Joke jokes
What’s the difference between your sister and a bowling ball?
I can only get 3 fingers in a bowling ball!
Miscarriage jokes aren't funny, just cut it out.
Even people who are good for nothing have the capacity to bring a smile to your face, like when I push my autistic brother down the stairs.
Why do people hate abortion jokes?
It leaves you with an empty feeling inside.
A guy barges into a psychiatrist’s office and screams, “Doctor! I have suicidal tendencies! What do I do?!”
The doctor calmly answers, “Pay me in advance.”

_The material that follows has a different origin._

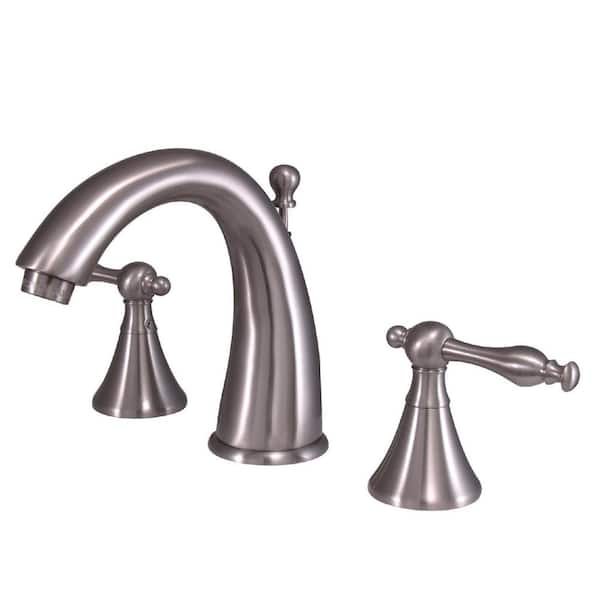 Kingston Brass Naples 8 in. Widespread 2-Handle Bathroom Faucets with Brass Pop-Up in Brushed Nickel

A guy went to a bar and said to a friend that he found a girl on the railroads and said they had the best sex ever.
His friend asked, "Did you get any head?"
The guy said, "No, I couldn't find it."
How many dyslexics does it take to change a lightbulb?
Steven.
Your ma is so slow, it took her 9 months to make a joke.
Yo momma is so ugly, she made my Happy Meal cry.
What do Santa Claus and Bill Cosby have in common?
They both come while you’re asleep.
I want to write some jokes about unemployed people, but none of them works.
A photon is checking into a hotel.
The bellhop asks him, "Do you have any luggage?"
The photon replies, "Nope, I'm traveling light."
A policeman walks up to a van with two priests and says, "We're looking for two child molesters."
The priests both look at each other for a moment and then say, "Okay, we'll do it."
what do you call an emo person who's not depressed?
dead.
How do you describe a redhead with bad teeth?
Gingervitus.
What’s the difference between an orphan and a leaf? Only one falls down the family tree.
The doctor told me I'm color blind...
Me: That's out of the purple!
What’s the difference between a female farmer and Hitler’s girlfriend?
One bails her hay, and the other heils her bae.
We should really stop making jokes about orphans. Their parents will get mad.
I went to the tattoo shop and asked for a skull.
A Jewish guy behind me said, "A skull? Back in my day, we could only get numbers!"